Real-time probability forecasts for binary outcomes are routine in sports, online experimentation, medicine, and finance. Retrospective narratives, however, often hinge on pathwise extremes: for example, a forecast that reaches $90\%$ for an event that ultimately does not occur. Standard pointwise calibration tools (e.g. reliability diagrams) do not quantify how frequently such extremes should occur under correct sequential calibration. Under this ideal, the forecast path $p_k=\Pr(Y=1\mid F_k)$ is a bounded martingale with terminal value $p_N=Y\in\{0,1\}$. We derive benchmark distributions for extreme-path functionals conditional on the terminal outcome, emphasizing the peak-on-loss statistic $M_N=\max_{k\le N} p_k$ given $Y=0$. For continuous-time martingales with continuous sample paths, we obtain an exact identity for $\Pr(\sup_{t\in[0,1]}p_t\ge x\mid Y=0)$. In discrete time, we prove sharp finite-sample bounds and an explicit correction decomposition that isolates terminal-step crossings (non-attainment) and overshoots. These formulas provide model-agnostic null targets and one-sided tail probabilities (exact in the continuous-path setting; conservative in discrete time) for diagnosing sequential miscalibration from extreme-path behavior. We also develop competitive extensions tailored to win-probability feeds, including the eventual loser's peak win probability in two-outcome contests and the eventual winner's trough in $n$-outcome contests. An empirical illustration using ESPN win-probability series for NFL and NBA regular-season games (2018-2024) finds broad agreement with the benchmark in the NFL and systematic departures in the NBA.

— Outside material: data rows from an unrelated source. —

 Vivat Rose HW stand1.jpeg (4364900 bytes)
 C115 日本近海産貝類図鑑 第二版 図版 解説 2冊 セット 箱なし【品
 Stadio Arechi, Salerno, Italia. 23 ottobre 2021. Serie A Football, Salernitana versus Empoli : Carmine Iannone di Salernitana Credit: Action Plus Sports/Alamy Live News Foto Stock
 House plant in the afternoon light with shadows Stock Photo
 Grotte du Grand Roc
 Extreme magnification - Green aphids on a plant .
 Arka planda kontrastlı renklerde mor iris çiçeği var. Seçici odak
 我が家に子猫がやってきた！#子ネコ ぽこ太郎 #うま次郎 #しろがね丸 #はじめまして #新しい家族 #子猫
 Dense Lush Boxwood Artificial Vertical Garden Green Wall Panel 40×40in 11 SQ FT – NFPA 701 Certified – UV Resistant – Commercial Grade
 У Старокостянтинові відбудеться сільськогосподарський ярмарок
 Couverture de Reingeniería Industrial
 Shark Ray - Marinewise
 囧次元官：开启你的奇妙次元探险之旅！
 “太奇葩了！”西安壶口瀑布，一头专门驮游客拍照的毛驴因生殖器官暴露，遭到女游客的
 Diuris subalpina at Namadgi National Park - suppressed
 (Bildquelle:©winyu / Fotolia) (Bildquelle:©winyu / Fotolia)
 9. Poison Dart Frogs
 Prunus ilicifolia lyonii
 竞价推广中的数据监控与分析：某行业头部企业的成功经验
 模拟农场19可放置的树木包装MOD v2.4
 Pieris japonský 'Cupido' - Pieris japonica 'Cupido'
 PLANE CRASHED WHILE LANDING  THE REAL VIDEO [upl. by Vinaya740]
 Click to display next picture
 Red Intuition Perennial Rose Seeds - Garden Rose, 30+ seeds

翻译：针对二元结果的实时概率预测在体育赛事、在线实验、医学诊断及金融领域已成为常规实践。然而，回溯性分析往往聚焦于路径极值：例如，某个事件的预测概率曾达到$90\%$，但该事件最终并未发生。标准的逐点校准工具（如可靠性曲线图）无法量化在正确的序列校准下此类极端情况应出现的频率。在理想校准状态下，预测路径$p_k=\Pr(Y=1\mid F_k)$是一个有界鞅，其终值为$p_N=Y\in\{0,1\}$。本文推导了极端路径泛函在给定最终结果条件下的基准分布，重点关注损失条件下的峰值统计量$M_N=\max_{k\le N} p_k$（当$Y=0$时）。对于具有连续样本路径的连续时间鞅，我们得到了$\Pr(\sup_{t\in[0,1]}p_t\ge x\mid Y=0)$的精确恒等式。在离散时间情形中，我们证明了尖锐的有限样本界，并提出了显式的修正分解方法，以分离终步穿越（未达成）和超调现象。这些公式为诊断序列校准偏差提供了与模型无关的零假设目标及单侧尾部概率（在连续路径设定中精确成立，在离散时间中保守成立）。我们还针对胜率数据流开发了竞争性扩展方法，包括双结果竞赛中最终败者的峰值胜率，以及$n$结果竞赛中最终胜者的谷值胜率。通过使用ESPN提供的NFL与NBA常规赛胜率序列（2018-2024年）进行实证分析，发现NFL数据与基准模型广泛吻合，而NBA数据则呈现系统性偏离。